■ WORK INSTRUCTIONS ■
Set down, exactly as written, the line containing "Charger l&#39;image dans" and all the lines that follow it to the end of the entries below, omitting every picture.

◆ ◆ ◆ ◆ ◆ ◆ ◆

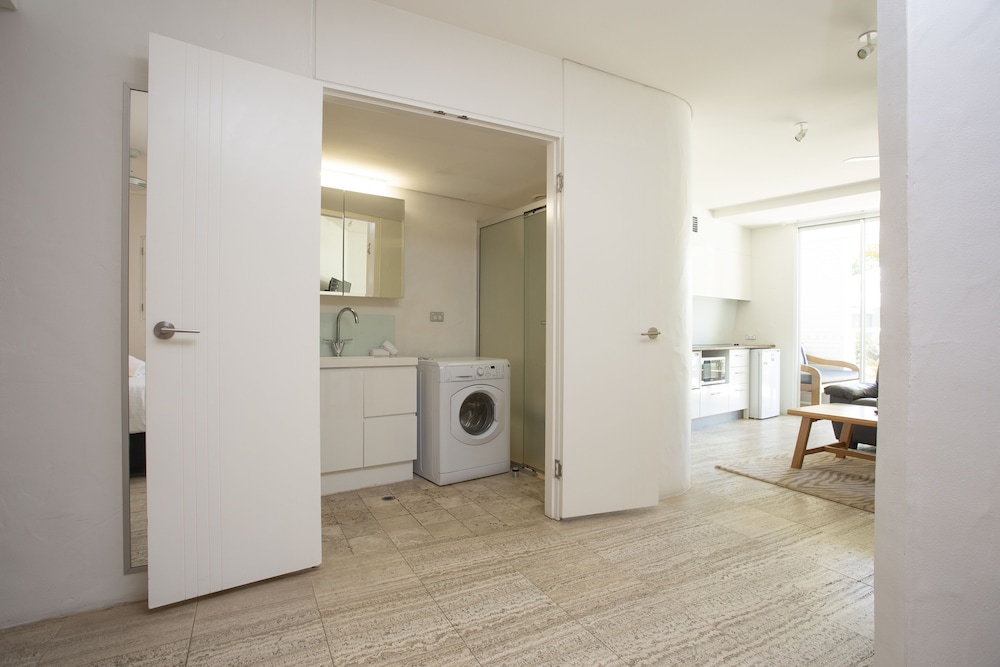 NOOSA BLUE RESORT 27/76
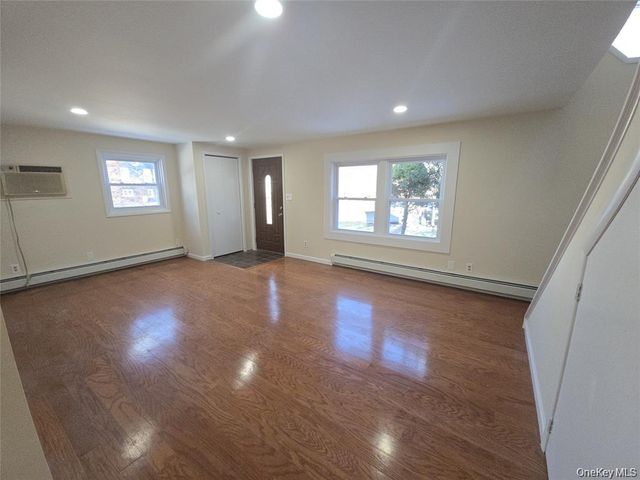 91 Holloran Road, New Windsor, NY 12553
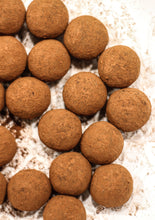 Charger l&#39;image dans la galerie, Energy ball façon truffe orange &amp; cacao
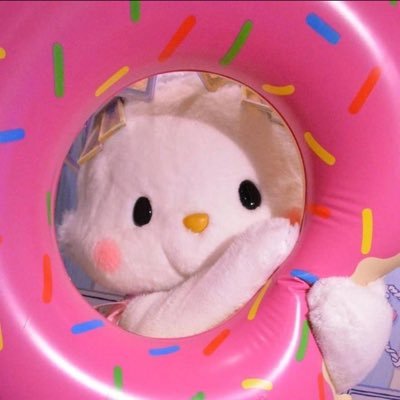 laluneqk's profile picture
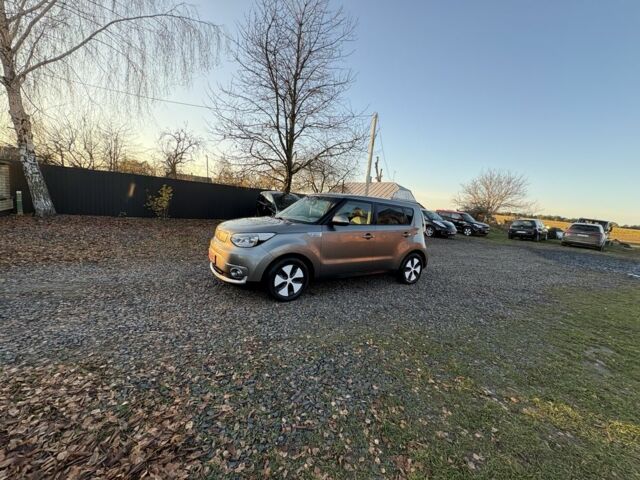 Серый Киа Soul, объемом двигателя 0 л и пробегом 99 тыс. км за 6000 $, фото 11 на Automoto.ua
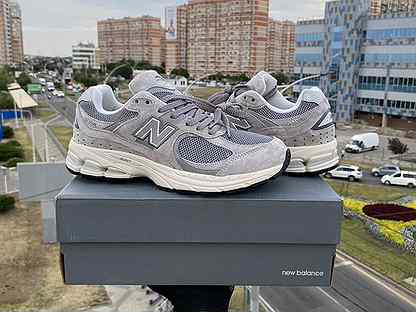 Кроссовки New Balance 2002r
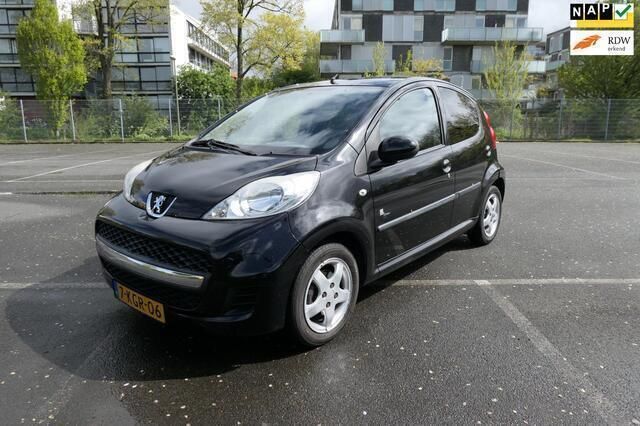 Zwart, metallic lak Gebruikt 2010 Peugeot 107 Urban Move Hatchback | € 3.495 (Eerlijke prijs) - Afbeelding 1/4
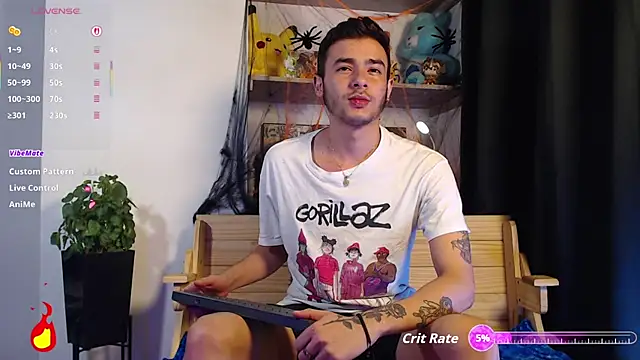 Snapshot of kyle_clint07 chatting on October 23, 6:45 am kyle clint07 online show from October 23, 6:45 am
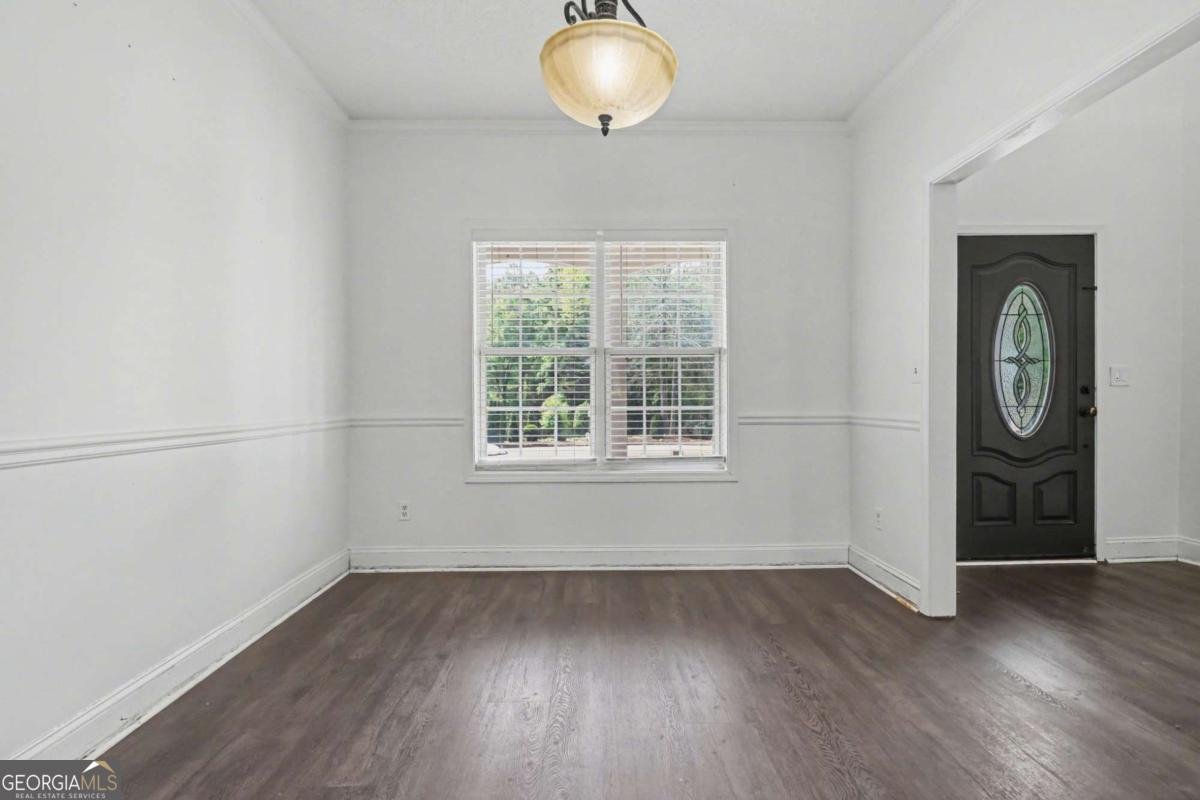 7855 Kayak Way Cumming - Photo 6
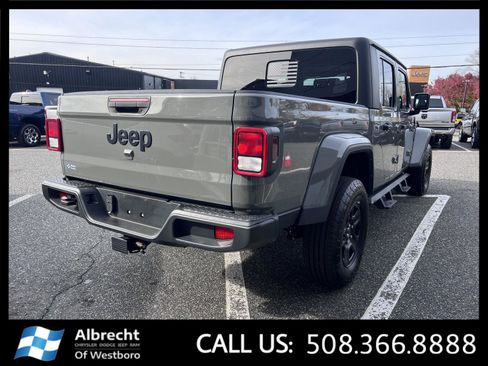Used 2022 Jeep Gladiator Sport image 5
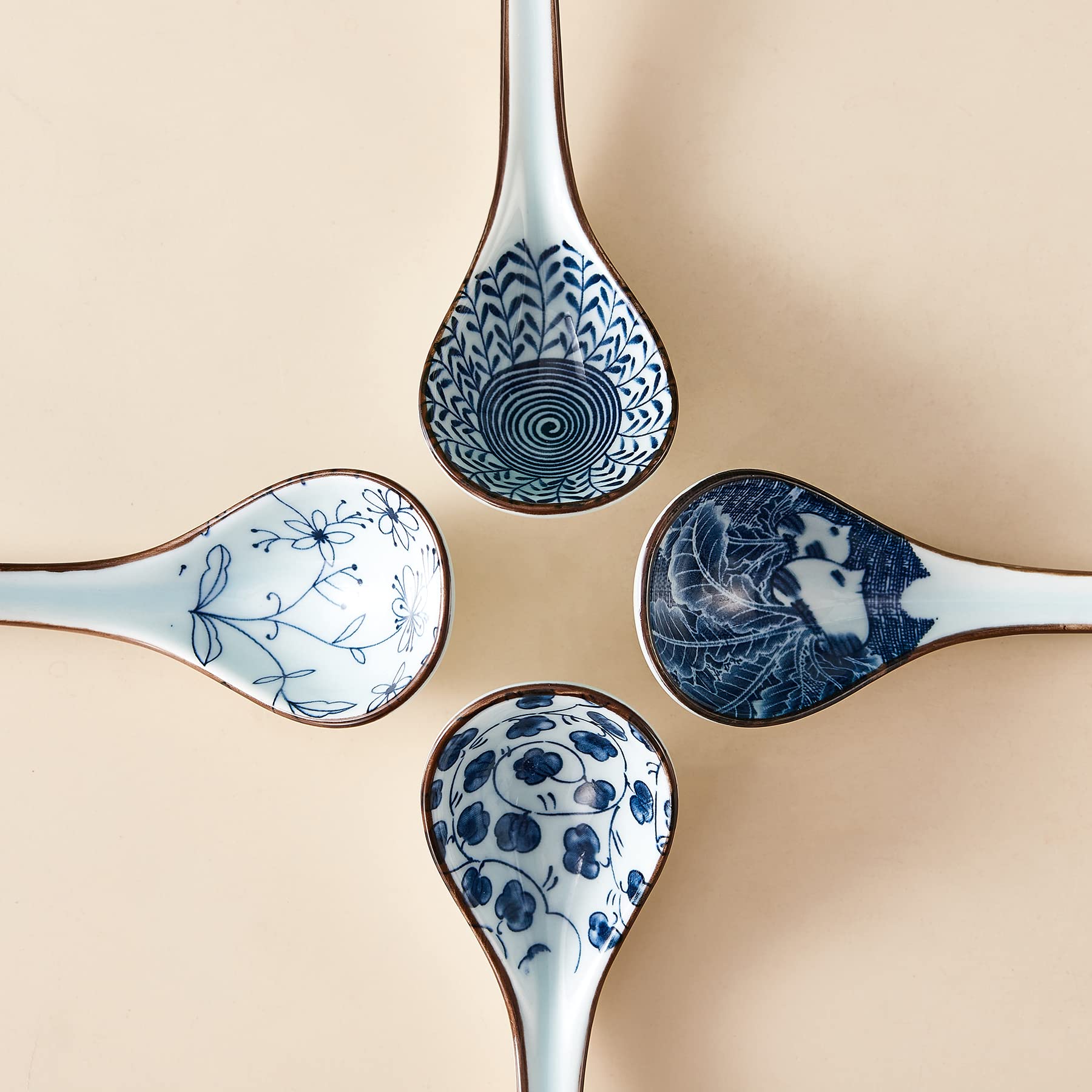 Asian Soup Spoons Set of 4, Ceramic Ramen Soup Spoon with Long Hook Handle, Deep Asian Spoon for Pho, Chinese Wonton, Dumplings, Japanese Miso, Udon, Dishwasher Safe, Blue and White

◆ ◆ ◆ ◆ ◆ ◆ ◆

■ TASK ANSWER ■
 Charger l&#39;image dans la galerie, Energy ball façon truffe orange &amp; cacao
 laluneqk's profile picture
 Серый Киа Soul, объемом двигателя 0 л и пробегом 99 тыс. км за 6000 $, фото 11 на Automoto.ua
 Кроссовки New Balance 2002r
 Zwart, metallic lak Gebruikt 2010 Peugeot 107 Urban Move Hatchback | € 3.495 (Eerlijke prijs) - Afbeelding 1/4
 Snapshot of kyle_clint07 chatting on October 23, 6:45 am kyle clint07 online show from October 23, 6:45 am
 7855 Kayak Way Cumming - Photo 6
Used 2022 Jeep Gladiator Sport image 5
 Asian Soup Spoons Set of 4, Ceramic Ramen Soup Spoon with Long Hook Handle, Deep Asian Spoon for Pho, Chinese Wonton, Dumplings, Japanese Miso, Udon, Dishwasher Safe, Blue and White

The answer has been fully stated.